Hertz and Dollar subsequently charged Moretti $683.59 for the rental, which included the daily rental fee for the rental term, airport fees, insurance, and tax. Moretti alleged the defendants overcharged and misinformed him and routinely did so to similarly situated individuals as a regular business practice.
Moretti filed a four-count putative class action in San Francisco Superior Court against Hertz, Dollar, and Hotwire for violations of: (1) California Business and Professions Code Section 17500; (2) California Civil Code Section 1750; and (3) California Business and Professions Code Section 17200. He alleged a classic bait and switch.
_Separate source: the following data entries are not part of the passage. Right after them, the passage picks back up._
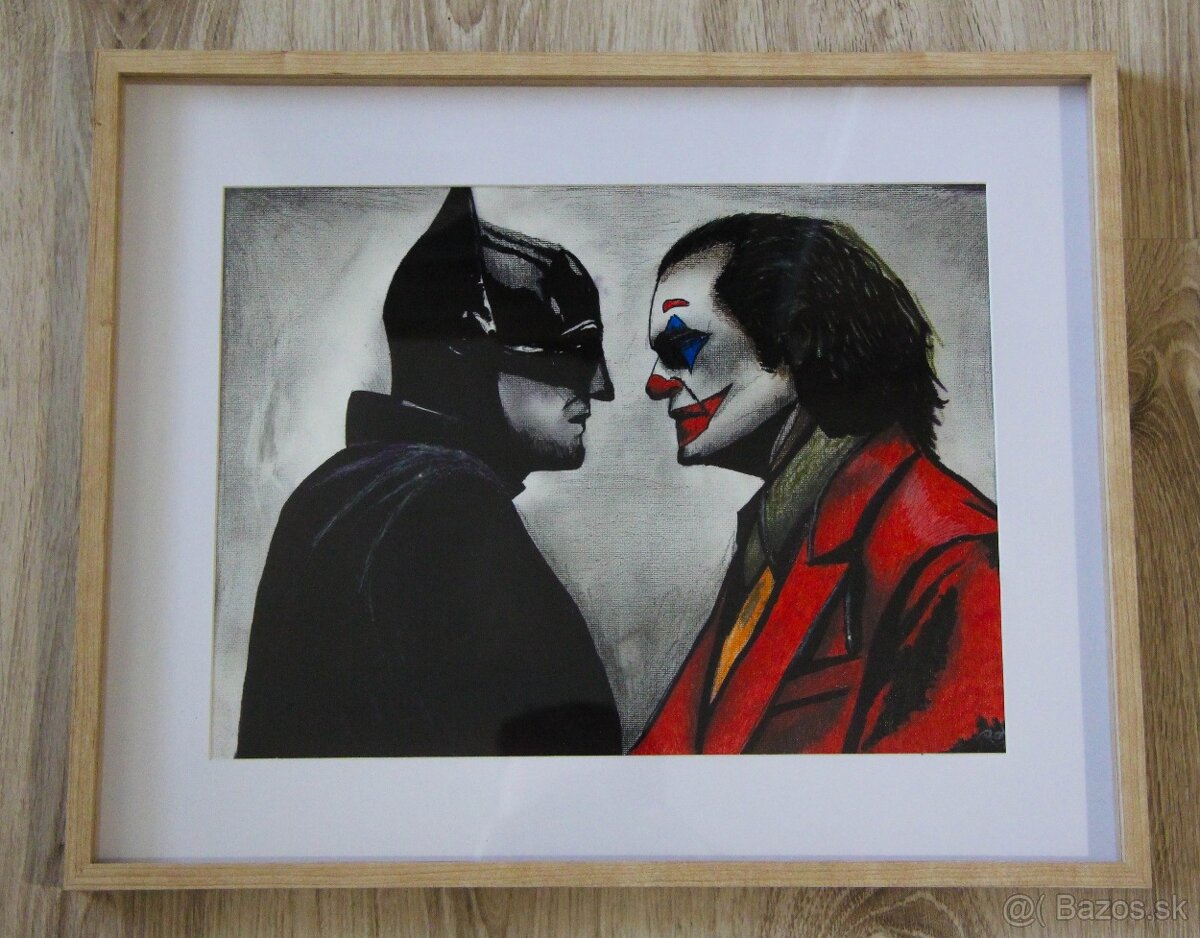 Joker vs Batman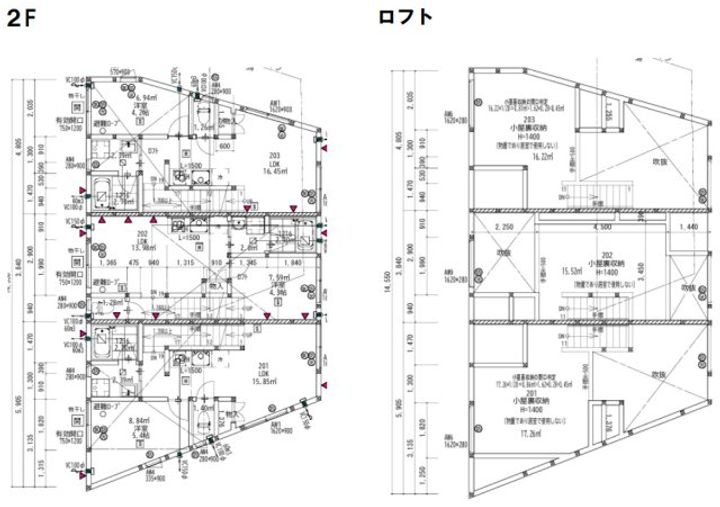 Lysstienの間取り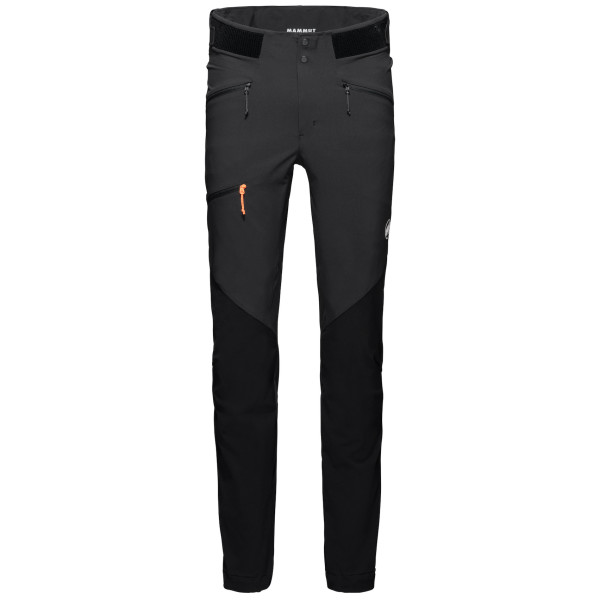 Spodnie męskie Mammut Courmayeur SO Pants Men czarny Black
The defendants allegedly violated state common and statutory law for fraud, deceit, and misrepresentation by advertising a low rental car rate and then charging a higher rate; failing to disclose the mandatory purchase of insurance at the time of rental; and inflating foreign exchange rates at the time of payment.
Lack of Affirmative Denial Constituted Acceptance
Applying ordinary state-law principles governing the formation of contracts, the district court determined that a valid forum selection clause existed within the contract on the Hotwire site, and that the parties agreed to the clause. According to the court, a binding contract is created if the user both has access to the terms of service in a hyperlink and clicks “accept,” even if the terms are not on the same page as the acceptance button.
A forum selection clause is unenforceable if a plaintiff does not have sufficient notice of the clause prior to entering into the contract. The district court found that if the forum selection clause provides adequate notice of an agreement to the jurisdiction cited in the contract, an adhesion contract is enforceable even if the plaintiff does not read it.
De Leeuw sees no difference between a customer’s responsibility to review the language on a website and that in a paper contract: “The consumer must be educated. You have to dig in and find out what you are bargaining for.”
“It’s a dangerous area—dangerous for enforceability. You may be forced to subsequently show whether the terms and conditions were or were not present which could affect the sanctity of the agreement,” counters Horace W. Jordan, Jr, Chicago, IL, member of Council, Section of Litigation. Jordan, general counsel of a leasing company, is admittedly old fashioned, respecting the history of secured transactions in which the paper itself must reflect and contain all facets of the transaction.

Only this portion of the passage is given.